-- Dataset content --
■ ■ ■

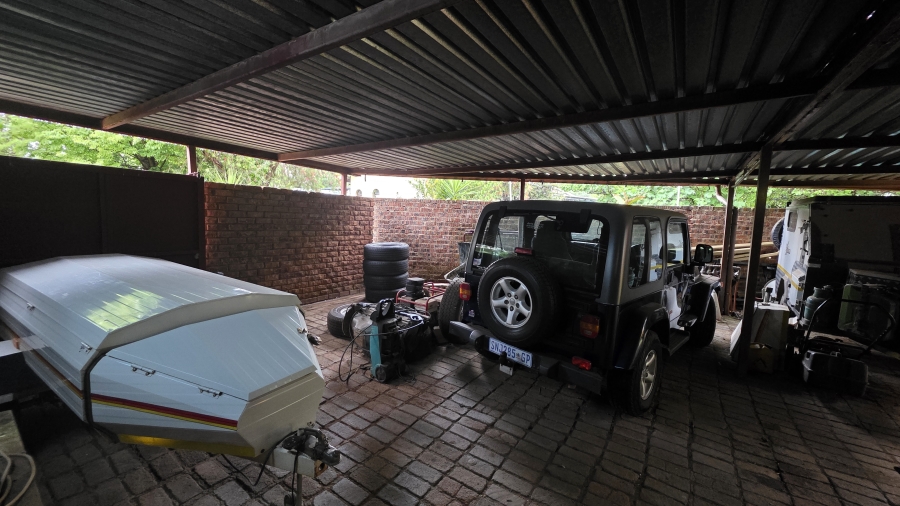 3 Bedroom Property for Sale in Garsfontein Gauteng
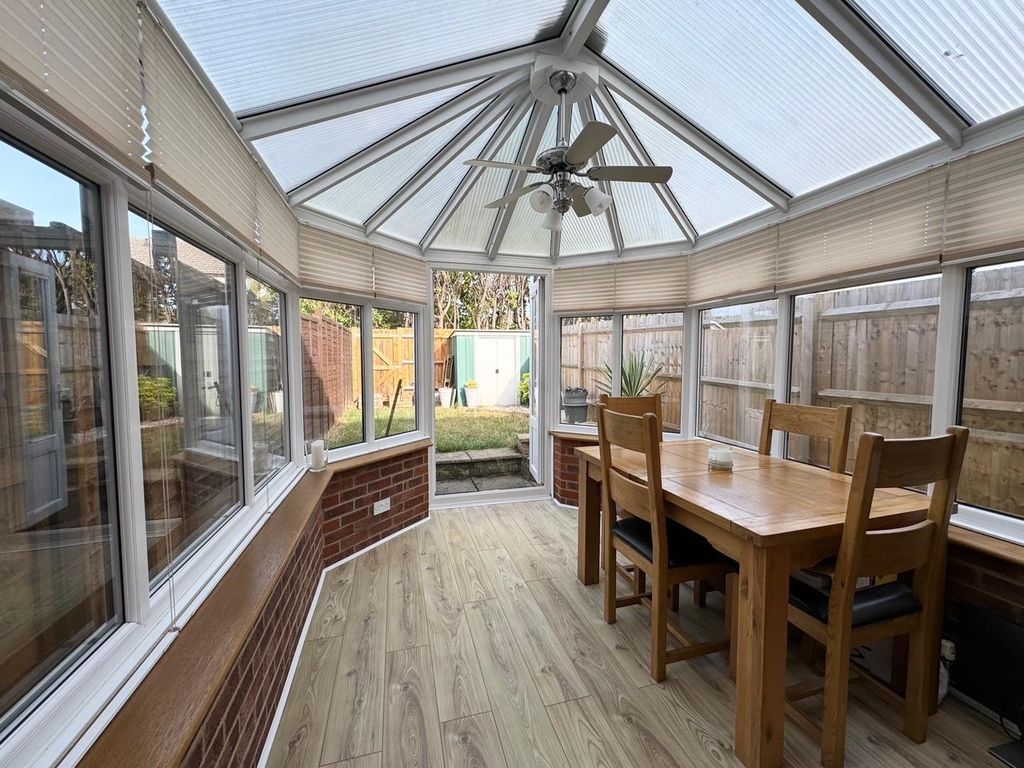 Property photo 2 of 8 Conservatory.Jpg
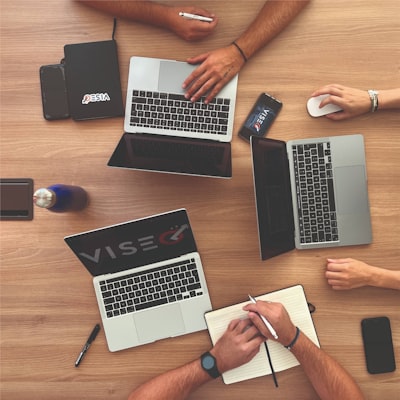 Ventajas de contratar desarrolladores offshore para startups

■ ■ ■

-- Task to complete --
The material is to be reproduced verbatim, and no picture may appear in the copy.

-- Task result --
 3 Bedroom Property for Sale in Garsfontein Gauteng
 Property photo 2 of 8 Conservatory.Jpg
 Ventajas de contratar desarrolladores offshore para startups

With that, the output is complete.